Short web captions
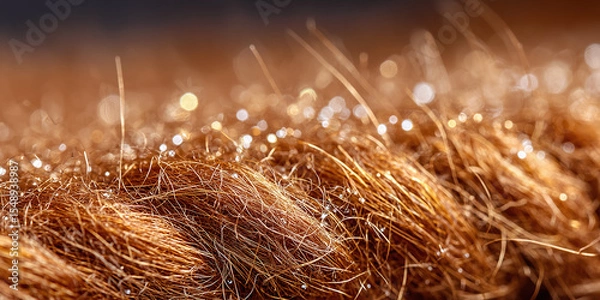 Obraz Extreme macro photo of golden fibers with glistening highlights, creating an abstract organic texture with shimmer and depth.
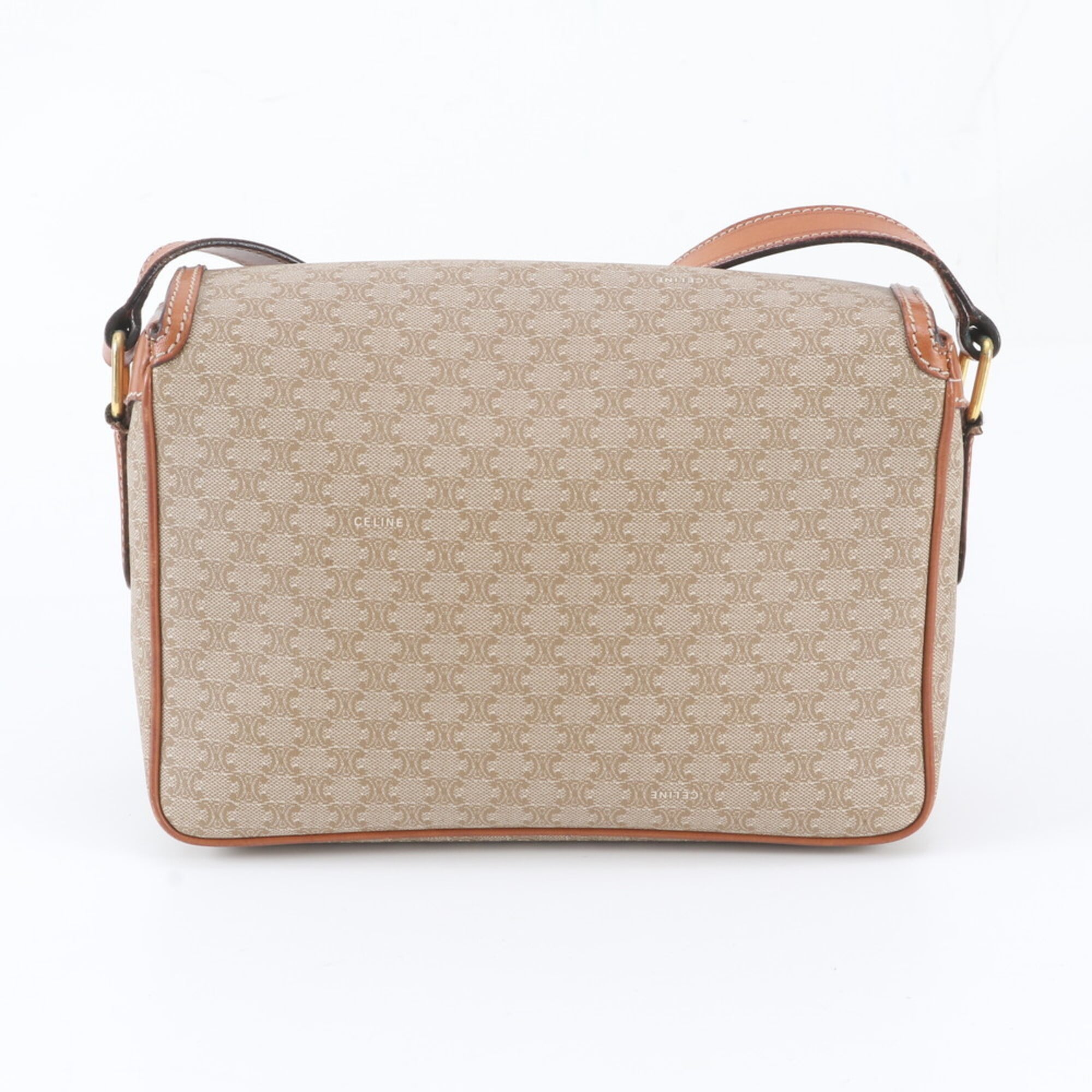 Celine Brown Leather Coated Canvas Handbag Shoulder Bag Tote Bag (Pre-Owned)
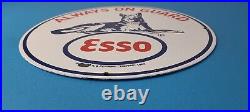 Vintage Esso Gasoline Sign Guard Dog Shepard Gas Service Porcelain Sign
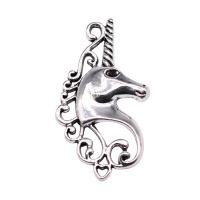 Tibetan Style Animal Pendants, Unicorn, plated, silver color, 37x21mm, Sold By PC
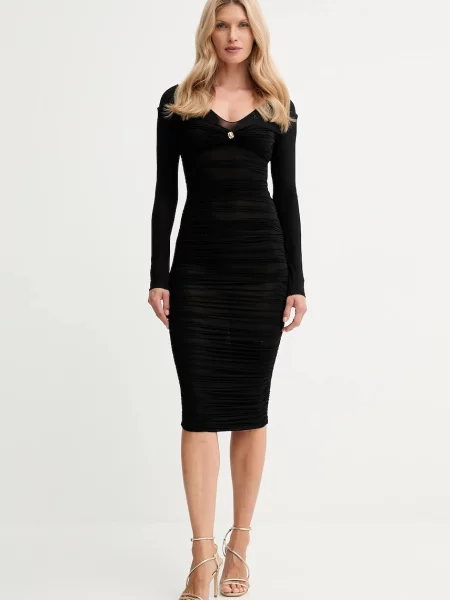 Elisabetta Franchi rochie midi mulată negru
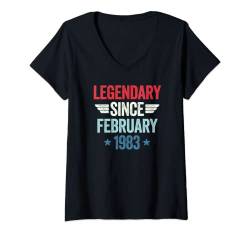 Damen Legendary Since February 1983 T-Shirt mit V-Ausschnitt von Legendary Since Birthday Shirts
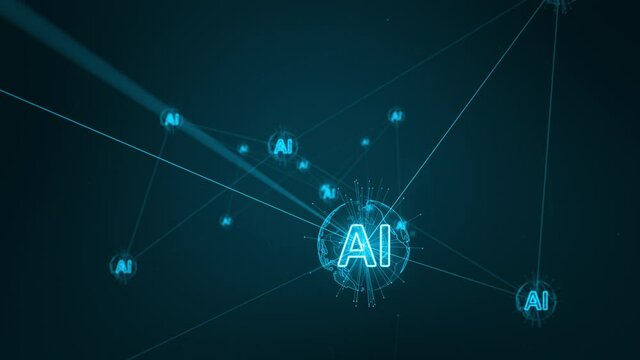 Motion graphic of Blue digital AI icon and futuritic earth sphere network connection abstract background concept camera zoom out seamless loop video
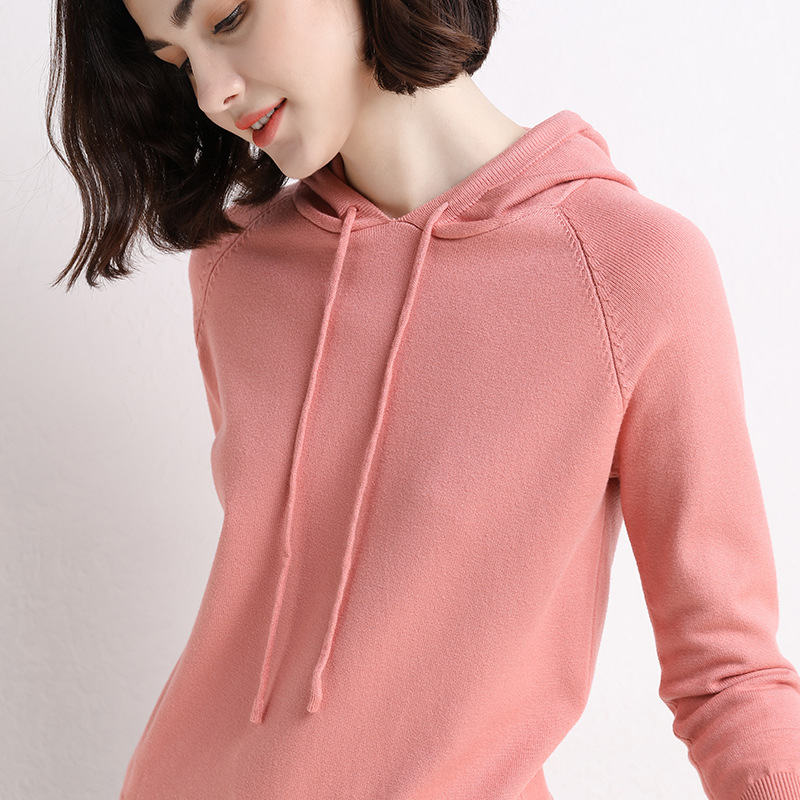 2021 Spring and Autumn New Ladies Knitted Hoodie Women&#039;s Solid Color Woolen Sweater Sweater Korean Style Slim-Fit Hoody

Your task: Exactly as written above, print every line of the data but not its pictures.

Written solution:
 Obraz Extreme macro photo of golden fibers with glistening highlights, creating an abstract organic texture with shimmer and depth.
 Celine Brown Leather Coated Canvas Handbag Shoulder Bag Tote Bag (Pre-Owned)
 Vintage Esso Gasoline Sign Guard Dog Shepard Gas Service Porcelain Sign
 Tibetan Style Animal Pendants, Unicorn, plated, silver color, 37x21mm, Sold By PC
 Elisabetta Franchi rochie midi mulată negru
 Damen Legendary Since February 1983 T-Shirt mit V-Ausschnitt von Legendary Since Birthday Shirts
 Motion graphic of Blue digital AI icon and futuritic earth sphere network connection abstract background concept camera zoom out seamless loop video
 2021 Spring and Autumn New Ladies Knitted Hoodie Women&#039;s Solid Color Woolen Sweater Sweater Korean Style Slim-Fit Hoody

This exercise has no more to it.